GOAL OF THE EXERCISE — Find all lines in the records that include the word "Western", and copy them out.

Caption-style text data:
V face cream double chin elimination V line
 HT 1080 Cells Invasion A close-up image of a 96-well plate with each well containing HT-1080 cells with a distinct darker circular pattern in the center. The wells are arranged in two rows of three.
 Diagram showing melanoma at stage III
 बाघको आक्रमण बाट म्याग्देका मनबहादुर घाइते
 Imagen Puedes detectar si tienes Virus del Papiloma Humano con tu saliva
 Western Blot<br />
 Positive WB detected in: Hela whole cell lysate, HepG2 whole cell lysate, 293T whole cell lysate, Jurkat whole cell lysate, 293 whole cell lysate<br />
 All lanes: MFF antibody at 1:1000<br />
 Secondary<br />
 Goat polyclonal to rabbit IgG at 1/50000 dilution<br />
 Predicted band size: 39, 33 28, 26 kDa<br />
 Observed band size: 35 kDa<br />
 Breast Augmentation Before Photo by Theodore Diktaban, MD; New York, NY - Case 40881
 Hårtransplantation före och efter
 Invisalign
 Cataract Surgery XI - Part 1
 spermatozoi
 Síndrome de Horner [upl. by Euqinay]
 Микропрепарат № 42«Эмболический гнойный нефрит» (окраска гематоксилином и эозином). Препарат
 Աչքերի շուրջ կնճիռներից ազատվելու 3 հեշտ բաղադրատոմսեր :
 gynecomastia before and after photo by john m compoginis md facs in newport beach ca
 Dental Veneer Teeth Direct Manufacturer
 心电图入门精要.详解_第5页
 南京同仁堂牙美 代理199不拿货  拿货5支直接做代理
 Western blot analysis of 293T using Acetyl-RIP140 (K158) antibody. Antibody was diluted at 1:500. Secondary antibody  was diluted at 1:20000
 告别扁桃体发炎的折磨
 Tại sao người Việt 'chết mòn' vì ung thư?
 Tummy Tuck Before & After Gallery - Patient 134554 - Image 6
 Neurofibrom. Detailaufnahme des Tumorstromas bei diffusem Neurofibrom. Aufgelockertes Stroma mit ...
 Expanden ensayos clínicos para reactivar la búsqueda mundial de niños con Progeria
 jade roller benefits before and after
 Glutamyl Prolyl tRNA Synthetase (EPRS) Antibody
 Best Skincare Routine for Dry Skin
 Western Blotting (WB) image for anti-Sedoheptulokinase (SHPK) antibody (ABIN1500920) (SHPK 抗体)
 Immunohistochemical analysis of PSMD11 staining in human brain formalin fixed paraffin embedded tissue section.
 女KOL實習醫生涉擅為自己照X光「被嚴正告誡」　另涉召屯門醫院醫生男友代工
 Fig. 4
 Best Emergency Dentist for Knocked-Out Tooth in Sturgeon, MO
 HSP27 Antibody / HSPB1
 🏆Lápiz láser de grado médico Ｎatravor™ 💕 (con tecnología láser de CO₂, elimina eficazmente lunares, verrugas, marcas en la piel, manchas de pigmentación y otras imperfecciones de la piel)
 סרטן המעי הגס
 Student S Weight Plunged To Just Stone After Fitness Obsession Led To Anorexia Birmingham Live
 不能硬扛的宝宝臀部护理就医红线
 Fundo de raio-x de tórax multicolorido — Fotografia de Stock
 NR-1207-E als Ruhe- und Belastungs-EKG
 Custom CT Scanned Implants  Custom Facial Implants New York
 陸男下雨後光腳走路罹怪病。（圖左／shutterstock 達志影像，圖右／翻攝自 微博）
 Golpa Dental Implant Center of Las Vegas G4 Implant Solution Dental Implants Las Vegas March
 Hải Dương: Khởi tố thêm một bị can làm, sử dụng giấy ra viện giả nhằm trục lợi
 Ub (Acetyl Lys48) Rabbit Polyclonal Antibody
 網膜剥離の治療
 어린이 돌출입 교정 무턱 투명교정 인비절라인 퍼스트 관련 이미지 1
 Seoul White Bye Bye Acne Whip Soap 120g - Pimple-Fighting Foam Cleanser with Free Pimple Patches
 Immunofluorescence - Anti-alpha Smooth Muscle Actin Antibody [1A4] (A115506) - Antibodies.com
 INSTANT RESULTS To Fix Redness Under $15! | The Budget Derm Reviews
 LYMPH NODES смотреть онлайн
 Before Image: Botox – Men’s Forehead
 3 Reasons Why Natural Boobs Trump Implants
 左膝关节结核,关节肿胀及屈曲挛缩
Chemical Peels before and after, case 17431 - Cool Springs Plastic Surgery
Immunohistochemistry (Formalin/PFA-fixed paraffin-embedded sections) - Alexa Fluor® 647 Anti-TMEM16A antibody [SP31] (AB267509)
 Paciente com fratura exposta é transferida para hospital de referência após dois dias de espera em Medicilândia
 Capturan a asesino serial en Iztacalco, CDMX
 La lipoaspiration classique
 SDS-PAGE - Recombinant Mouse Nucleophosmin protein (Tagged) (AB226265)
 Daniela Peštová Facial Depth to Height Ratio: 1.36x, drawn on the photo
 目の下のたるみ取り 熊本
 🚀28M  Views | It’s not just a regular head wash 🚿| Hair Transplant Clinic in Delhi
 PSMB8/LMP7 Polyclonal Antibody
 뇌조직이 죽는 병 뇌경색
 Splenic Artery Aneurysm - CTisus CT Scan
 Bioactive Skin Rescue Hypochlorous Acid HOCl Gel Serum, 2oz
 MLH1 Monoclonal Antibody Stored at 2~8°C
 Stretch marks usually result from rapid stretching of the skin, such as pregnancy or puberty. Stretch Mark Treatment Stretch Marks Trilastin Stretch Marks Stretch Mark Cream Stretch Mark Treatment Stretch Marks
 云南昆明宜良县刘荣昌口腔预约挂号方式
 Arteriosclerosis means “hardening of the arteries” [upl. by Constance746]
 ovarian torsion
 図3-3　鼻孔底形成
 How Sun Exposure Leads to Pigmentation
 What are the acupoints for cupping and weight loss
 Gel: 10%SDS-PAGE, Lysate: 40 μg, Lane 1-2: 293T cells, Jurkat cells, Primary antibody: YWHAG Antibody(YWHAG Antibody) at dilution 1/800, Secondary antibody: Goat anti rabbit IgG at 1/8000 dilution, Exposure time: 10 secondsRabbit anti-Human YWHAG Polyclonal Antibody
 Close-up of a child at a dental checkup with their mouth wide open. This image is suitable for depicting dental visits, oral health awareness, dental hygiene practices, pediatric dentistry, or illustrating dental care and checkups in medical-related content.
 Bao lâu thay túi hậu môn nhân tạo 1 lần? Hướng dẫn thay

SOLUTION TO THE EXERCISE —
 Western Blot<br />
 Western blot analysis of 293T using Acetyl-RIP140 (K158) antibody. Antibody was diluted at 1:500. Secondary antibody  was diluted at 1:20000
 Western Blotting (WB) image for anti-Sedoheptulokinase (SHPK) antibody (ABIN1500920) (SHPK 抗体)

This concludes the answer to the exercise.